Often referred to as the most complete footballer in the history of the game, and for good reason, because Alfredo Di Stéfano could literally play anywhere. Looking at his incredible goalscoring-rate, it would be fair to think that he was an out and out striker, but he was so much more. He would drop back to positions all over the pitch to get on the ball, and then conduct the play from there, stitching all the play together with either some subtle link-up play, or a defence-splitting pass, or a quick change of pace to burst forward. Not only would he drop back to get the ball, he'd drop back to cover team-mates if they'd gone forward with the ball. His stamina and energy was relentless.
Di Stéfano started his career at River Plate in 1945, one of the greatest era's for the club featuring an incredible group of players nicknamed La Máquina (the Machine). He'd win a couple of titles in Buenos Aires before heading to Colombian club Millonarios in 1949 because of a players-strike in Argentina. It was his move to Spain that would earn him worldwide fame though, achieving unprecedented success at Real Madrid, winning five European Cups in a row, eight league titles, the inaugural Intercontinental Cup and, on a personal level, two Ballon D'Or awards. He was capped by not one national team, or even two, but three, representing all three of the nations whose leagues he'd played in: Argentina, Colombia and Spain. Di Stéfano is also amongst a select group of footballers who have won league titles in different countries, having won the title in all three of those countries.
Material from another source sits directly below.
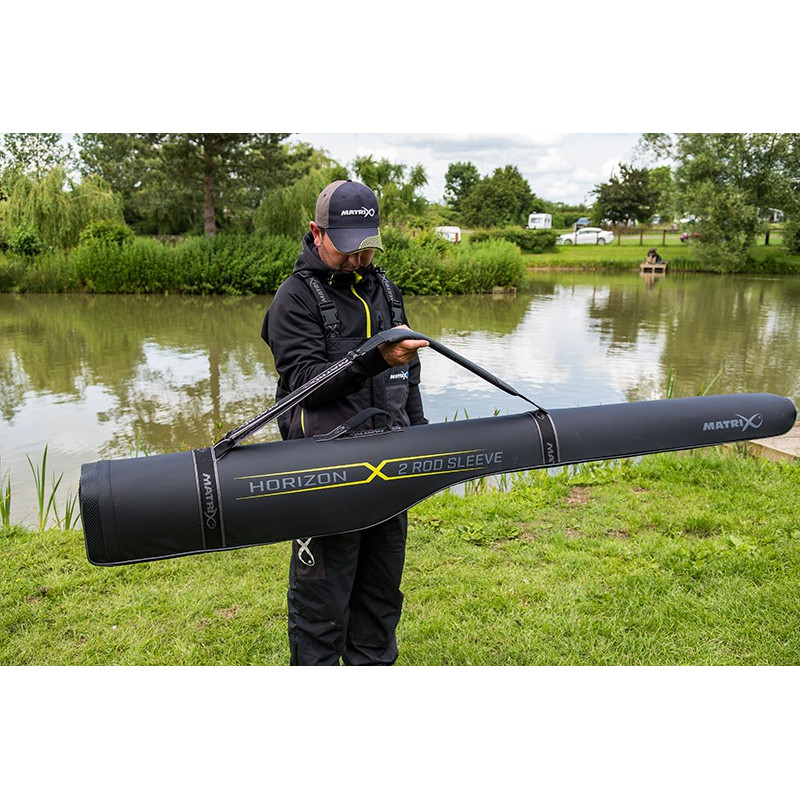 Pokrowiec Matrix Horizon X 2 Rod Sleeves - 175cm - Centrum wędkarskie - Sklep wędkarski Jarofishing Pokrowiec Matrix Horizon X 2 Rod Sleeves - 175cm - Centrum wędkarskie - Sklep wędkarski Jarofishing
There's a great quote from Bobby Charlton, it relates to the 1957 European Cup Semi-Final between Real Madrid and Manchester United, and it completely captures what Alfredo Di Stefano was all about:
"I couldn't take my eyes off this midfield player and I thought, Who on earth is that? He ran the whole show and had the ball almost all of the time. They beat us 3-1 and he dictated the whole game. I'd never seen anything like it before - watching someone influence the entire match. Everything went through him. The goalkeeper gave it to him. Full-backs were giving it to him. The midfield players were linking up with him, and the forwards were looking for him. Wherever he was on the field he was in a position to take the ball and influence the play. I was just sitting there, watching, thinking it was the best thing I had ever seen. And this was when Di Stefano was thirty. What must he have been like in his younger days?”